Work to complete: Quote only the span from the first line of the entries to the line containing "必修2地理新教材人教第三章产业区位因素本章整合pptx_14第2页", both ends kept. Leave every picture out.

====== Exercise input ======

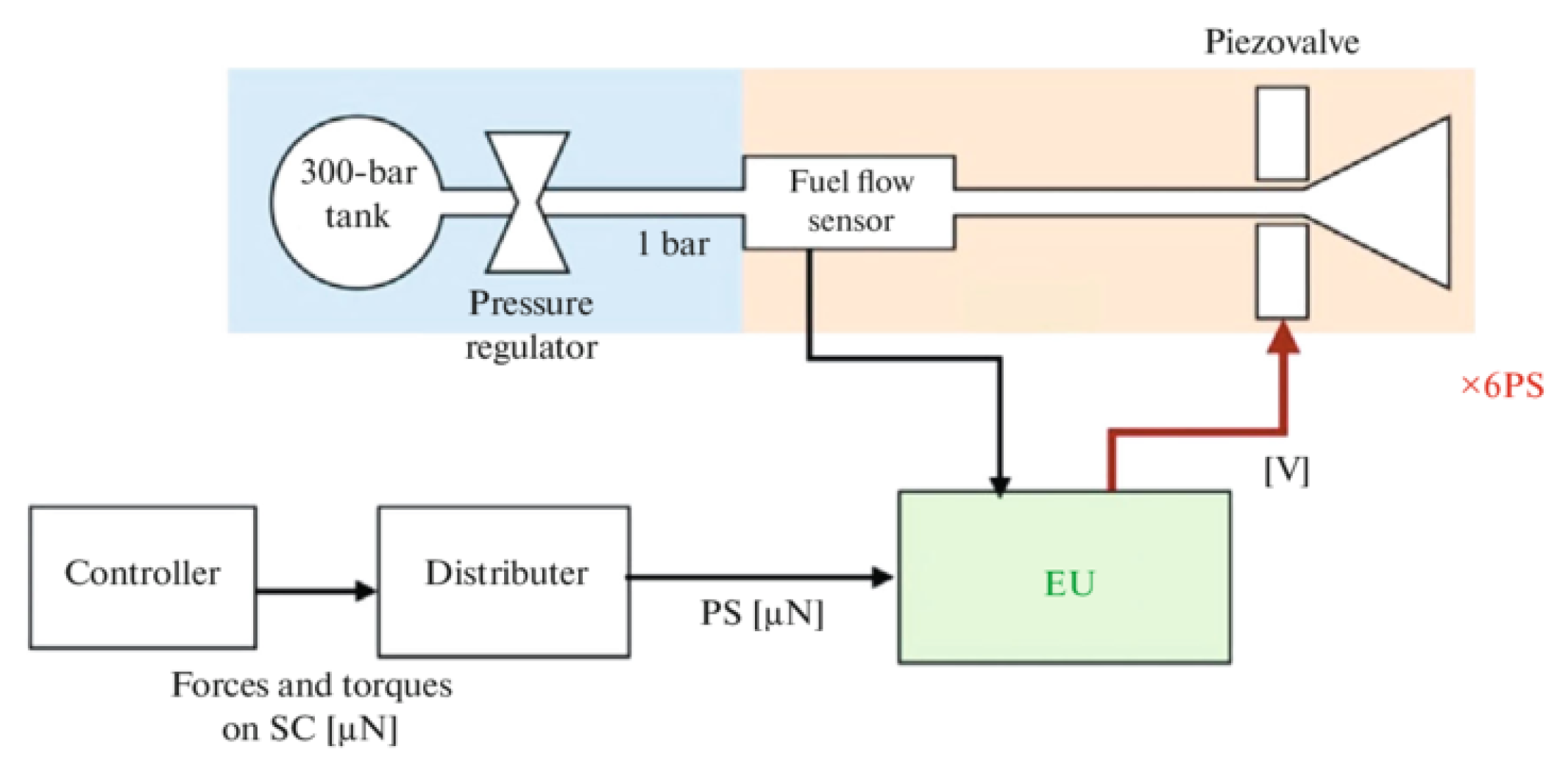 Energies 17 01327 g028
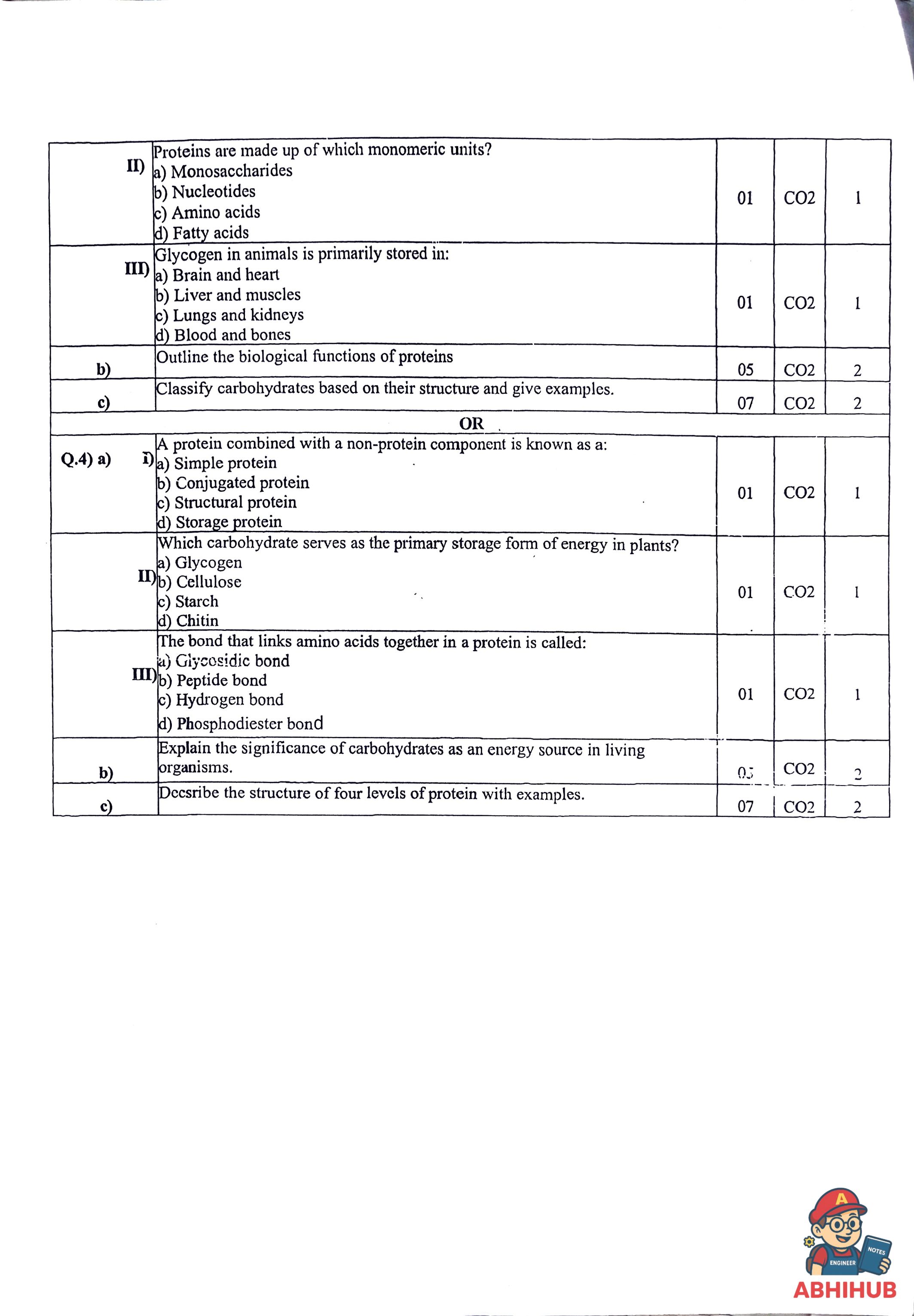 CAE1 Submission - Fundamentals in Life Sciences PYQ
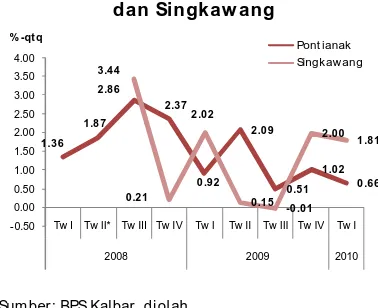 Grafik 2.15. Inflasi Triw ulananKelompok Kesehatan Kota Pontianak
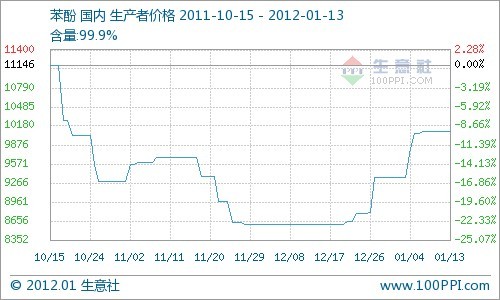 部分廠家節(jié)前調(diào)價(jià) 化工品淡市強(qiáng)拉漲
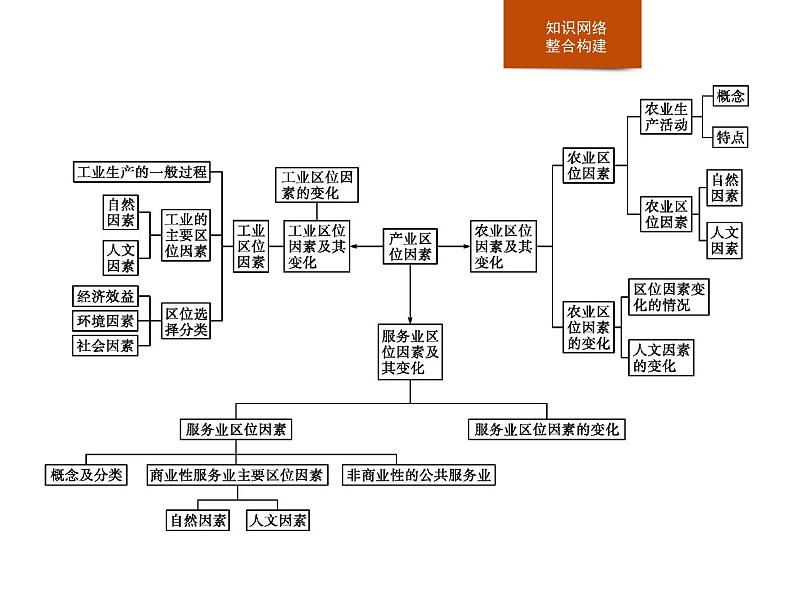 必修2地理新教材人教第三章产业区位因素本章整合pptx_14第2页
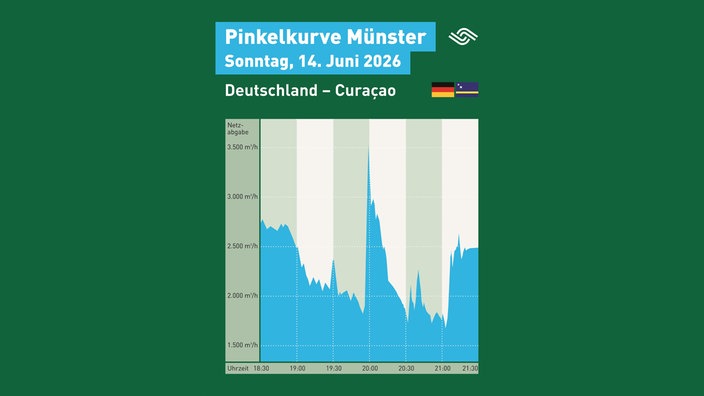 Eine Grafik zur Wasserabgabe der Stadtnetze Münster zum Spiel Deutschland-Curaçao bei der Fifa WM 2026.
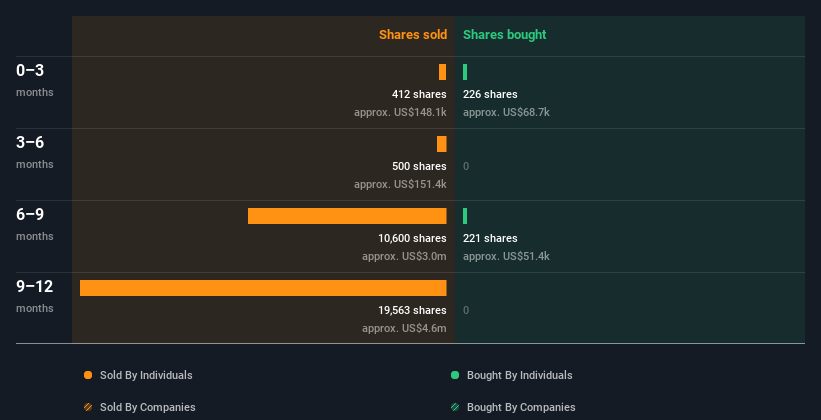 insider-trading-volume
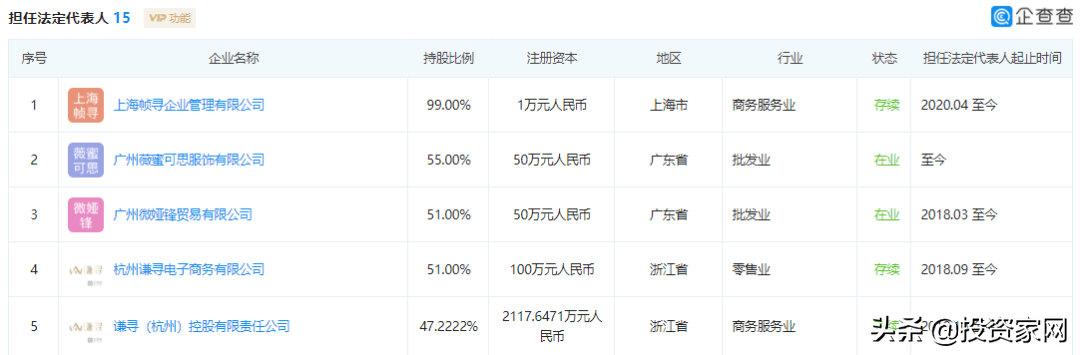 年赚近百亿？薇娅夫妇已控股16家公司，现在杀入VC/PE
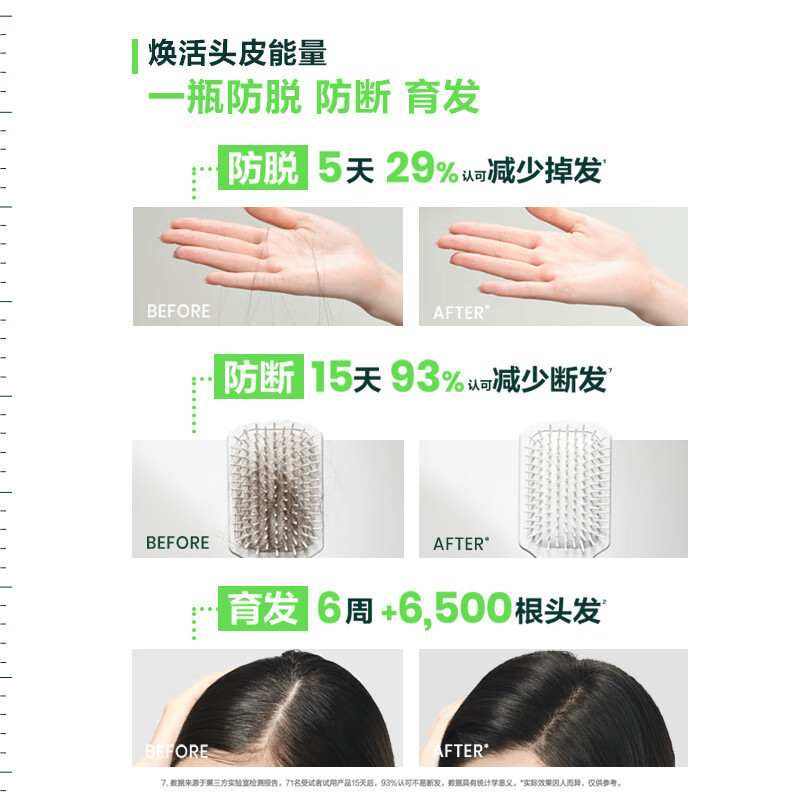 法国原装进口馥绿德雅小白珠防脱洗发水强韧发根固发育发防掉发洗发露洗头膏小样旅行装50ml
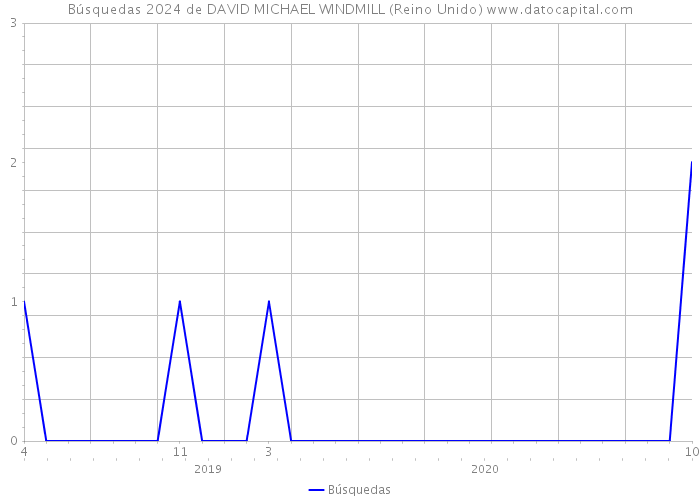 Búsquedas 2024 de DAVID MICHAEL WINDMILL (Reino Unido) 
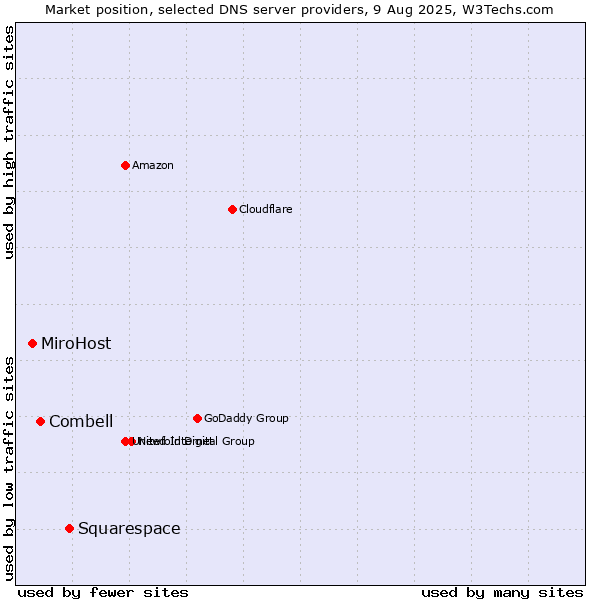 Market position of Squarespace vs. Combell vs. MiroHost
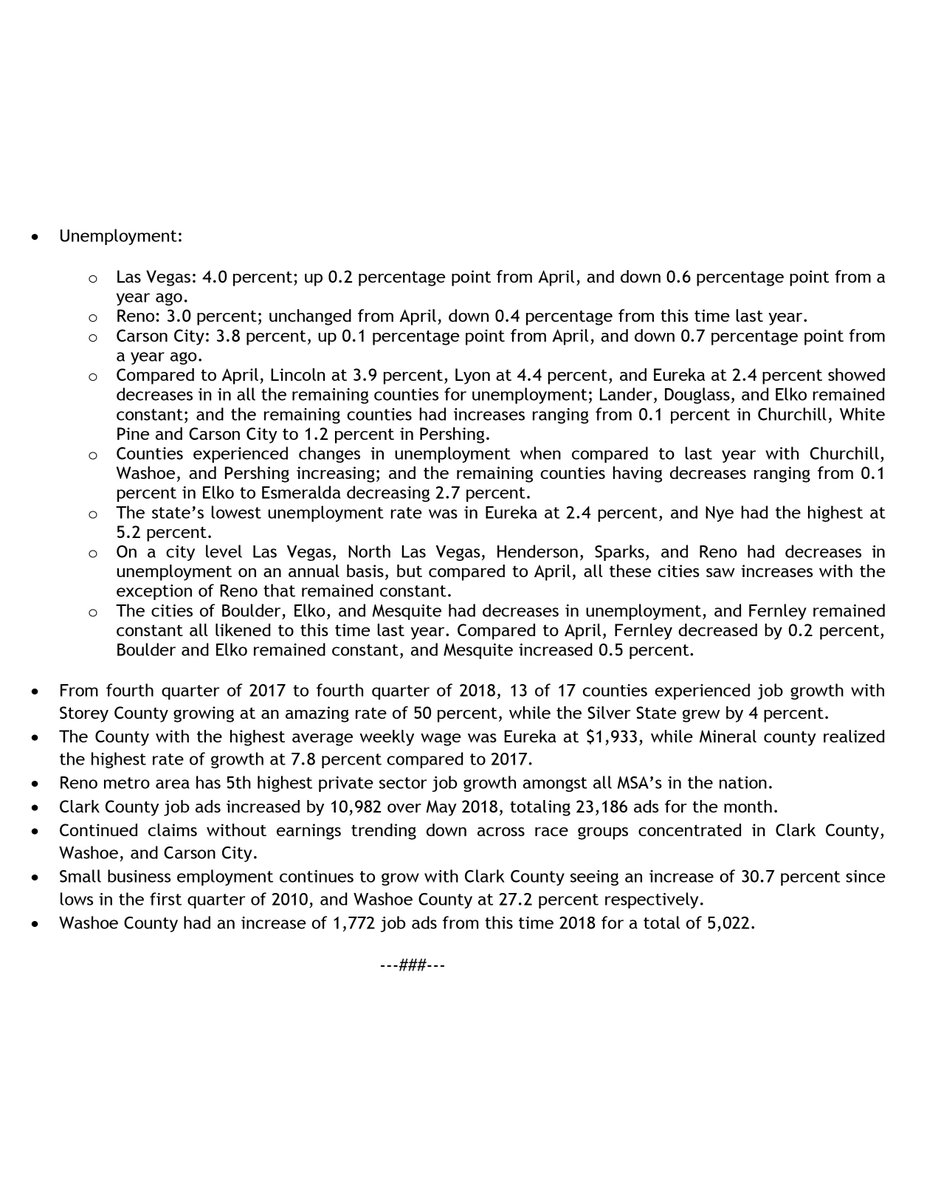 Nevada continues to lead the nation in employment growth with jobs increasing by 4.0 percent statewide, a gain of 55,200 new jobs added since May of last year, the fastest rate in the nation for the 8th consecutive month. For details, please see below.
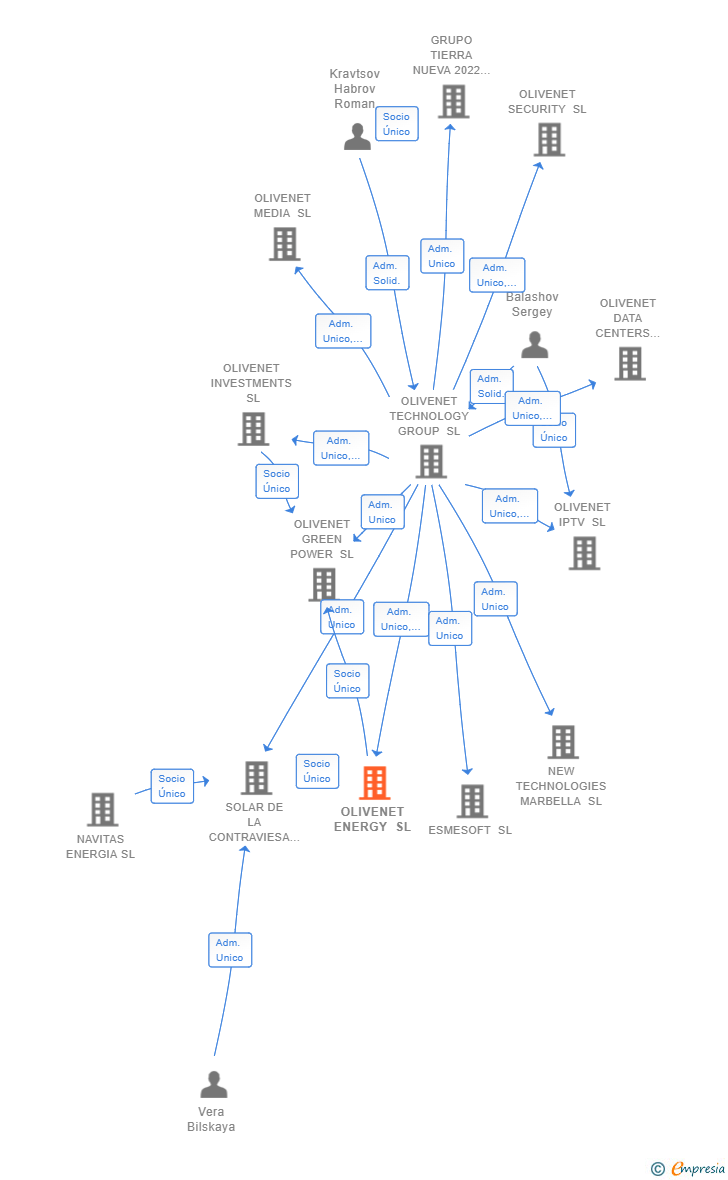 Vinculaciones societarias de OLIVENET ENERGY SL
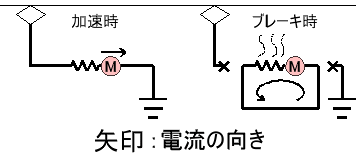 �������E�u���[�L���̓d���̗����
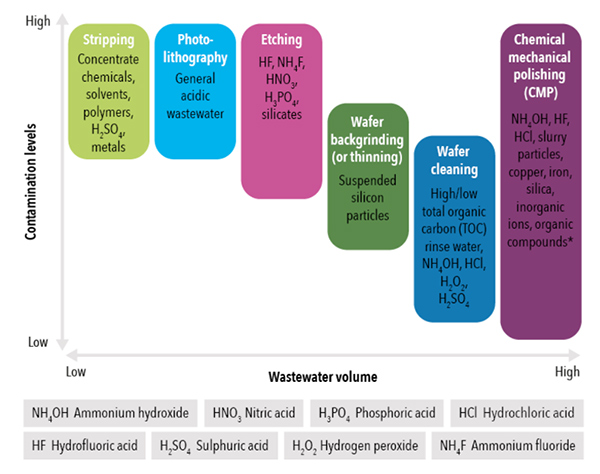 Water’s Critical Role in Semiconductor Manufacturing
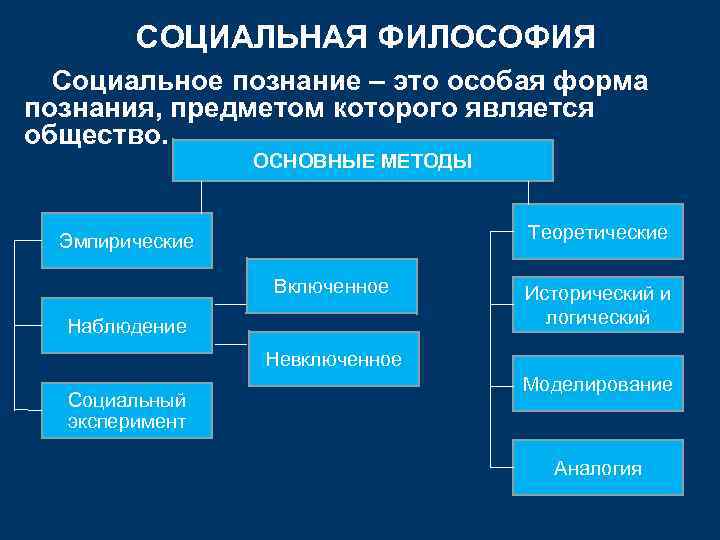 СОЦИАЛЬНАЯ ФИЛОСОФИЯ Социальное познание – это особая форма познания, предметом которого является общество. ОСНОВНЫЕ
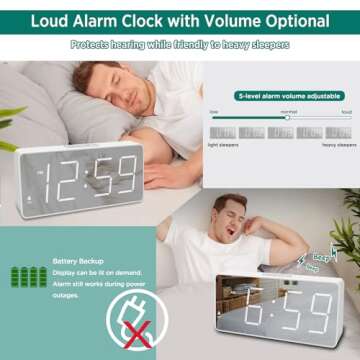 Peakeep Battery Backup Digital Alarm Clock for Bedrooms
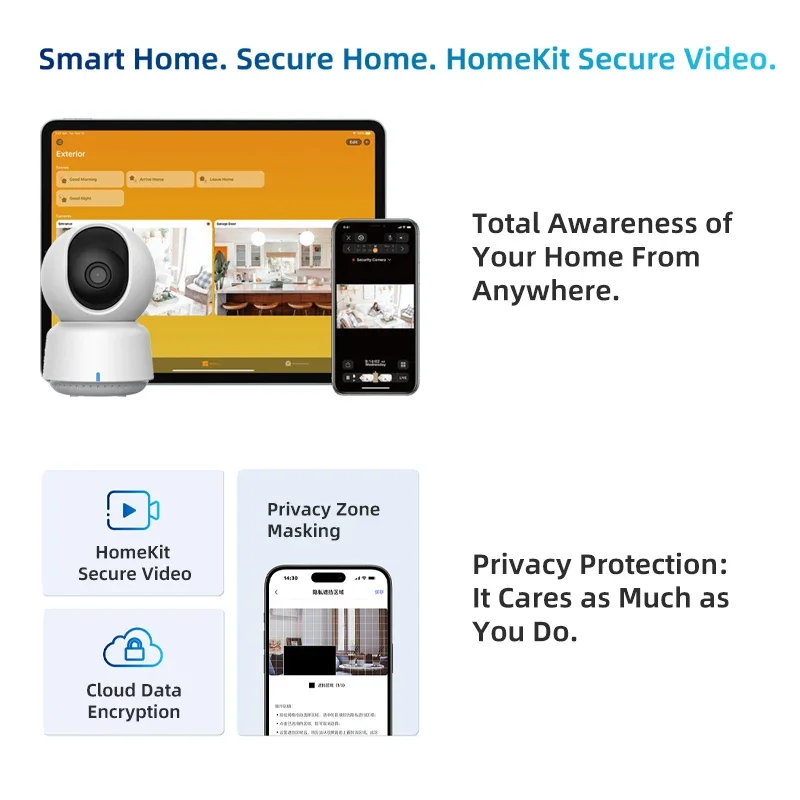 Original Aqara Smart Camera E1 - огляд і ціна Home Security Lidar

======

Response area:
 Energies 17 01327 g028
 CAE1 Submission - Fundamentals in Life Sciences PYQ
 Grafik 2.15. Inflasi Triw ulananKelompok Kesehatan Kota Pontianak
 部分廠家節(jié)前調(diào)價(jià) 化工品淡市強(qiáng)拉漲
 必修2地理新教材人教第三章产业区位因素本章整合pptx_14第2页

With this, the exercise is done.